When it comes to Intel’s 18A fabrication process, there are a lot of things that can be optimized on node and design level to extract more PPAC advantages out of the node. One of the key innovations of Intel 18A is usage of gate-all-around (GAA) transistors that Intel calls RibbonFET. In GAA transistors, the channels are horizontally oriented and completely enclosed by gates. These GAA channels are created through epitaxy and selective material removal, enabling designers to fine-tune them by altering the transistor channels’ width to get higher performance or lower power consumption. If everything works well, such control allows them to reduce transistor leakage current and performance variability — this provides great opportunities for DTCO.
Yet another advantage of Intel’s 18A is its backside power delivery network (PDN) called PowerVia. In order to efficiently provide power and respond quickly to the behavior of a modern processor, which can vary significantly depending on the workload, the PDN needs to be customized for a specific design and process technology, which gives plenty of opportunities for DTCO. Client and smartphone SoCs should be optimized for burst behavior, while datacenter SoCs should be optimized for constant high loads — which is why it is important that (for now) Intel and Arm will only address smartphone SoCs.
“Intel’s collaboration with Arm will expand the market opportunity for IFS and open up new options and approaches for any fabless company that wants to access best-in-class CPU IP and the power of an open system foundry with leading-edge process technology,” said Intel CEO Pat Gelsinger.

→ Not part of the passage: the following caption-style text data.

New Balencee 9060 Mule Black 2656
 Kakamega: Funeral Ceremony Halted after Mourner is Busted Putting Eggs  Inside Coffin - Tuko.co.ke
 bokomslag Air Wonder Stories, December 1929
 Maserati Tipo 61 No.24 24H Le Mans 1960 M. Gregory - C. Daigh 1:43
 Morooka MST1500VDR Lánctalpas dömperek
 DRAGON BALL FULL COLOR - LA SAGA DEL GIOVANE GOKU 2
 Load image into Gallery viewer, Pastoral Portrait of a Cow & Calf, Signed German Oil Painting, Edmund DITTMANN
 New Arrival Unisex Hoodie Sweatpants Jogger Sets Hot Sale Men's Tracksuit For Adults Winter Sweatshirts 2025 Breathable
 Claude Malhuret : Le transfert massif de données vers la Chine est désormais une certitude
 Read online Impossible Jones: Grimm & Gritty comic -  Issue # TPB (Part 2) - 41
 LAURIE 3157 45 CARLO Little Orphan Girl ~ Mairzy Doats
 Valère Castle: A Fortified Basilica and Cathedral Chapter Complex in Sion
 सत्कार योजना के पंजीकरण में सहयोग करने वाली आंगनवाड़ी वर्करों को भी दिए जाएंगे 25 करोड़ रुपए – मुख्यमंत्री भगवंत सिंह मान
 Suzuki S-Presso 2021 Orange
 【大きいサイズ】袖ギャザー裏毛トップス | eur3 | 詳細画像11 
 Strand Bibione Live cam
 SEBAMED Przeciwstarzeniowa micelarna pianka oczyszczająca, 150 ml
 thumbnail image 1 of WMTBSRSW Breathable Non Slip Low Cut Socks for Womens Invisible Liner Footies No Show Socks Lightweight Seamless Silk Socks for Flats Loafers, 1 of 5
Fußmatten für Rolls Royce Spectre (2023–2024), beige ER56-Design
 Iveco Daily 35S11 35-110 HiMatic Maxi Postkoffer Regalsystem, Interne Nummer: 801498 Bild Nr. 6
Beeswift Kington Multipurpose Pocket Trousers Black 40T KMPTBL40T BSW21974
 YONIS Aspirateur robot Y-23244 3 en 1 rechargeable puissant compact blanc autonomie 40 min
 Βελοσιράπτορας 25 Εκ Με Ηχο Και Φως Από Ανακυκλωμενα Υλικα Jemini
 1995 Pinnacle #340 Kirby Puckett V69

One important thing that to note about Intel’s 18A is that this process technology will be used to make chips at different locations that IFS will operate around the world. This will be an advantage of this fabrication process as there are fabless chip designers seeking for localization of chip production.
“As the demands for compute and efficiency become increasingly complex, our industry must innovate on many new levels. Arm’s collaboration with Intel enables IFS as a critical foundry partner for our customers as we deliver the next generation of world-changing products built on Arm,” said Arm CEO Rene Haas.